On Feb 2, 2016, at 3:02 PM, Mark Cave-Ayland wrote:
On 02/02/16 15:19, Programmingkid wrote:
On Feb 2, 2016, at 6:08 AM, Tarl Neustaedter wrote:
On 2016-Feb-1 23:08 , Programmingkid wrote:
This is most of the patch that is needed to make OpenBIOS successfully boot Mac OS 9. From the bootstrap.fs file, the 0a means linefeed. The file also says the 0d means carret '^'? If this patch is to look for linefeeds and carriage returns, why use the carret character here?
0d is carriage return. "carret" means carriage return, not "^", which would be "caret".
Thank you very much for the clarification. I request that the name be changed to carriage_return.
Mark, would you accept that patch?
To be honest I'm not particularly keen on having this hack on a hack - I'd much rather we figure out a way to handle r-stack commands in a normal context rather than relying on something which happens to work out of sheer luck :(
I remember you saying that Mac OS 9 reorders the return stack. If that is true, then in theory this problem could be fixed by placing a bunch of no-ops in the stack before Mac OS 9 reorders it.

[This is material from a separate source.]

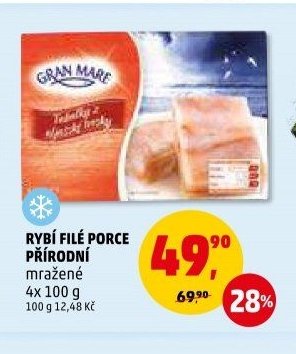 RYBÍ FILÉ PORCE PŘÍRODNÍ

Stack Before: Stack with no-ops: func1 func1 func2 func2 func3 func3 no-op1 no-op2 no-op3 no-op4 no-op5 Then when Mac OS 9 does its reordering, it would look like this:
Reordered stack: func1 func2 func3 no-op2 no-op4 no-op3 no-op1 Mac OS 9 code
No harm would be done. In theory this shouldn't hurt other operating systems since the no-ops would do nothing. What do you think?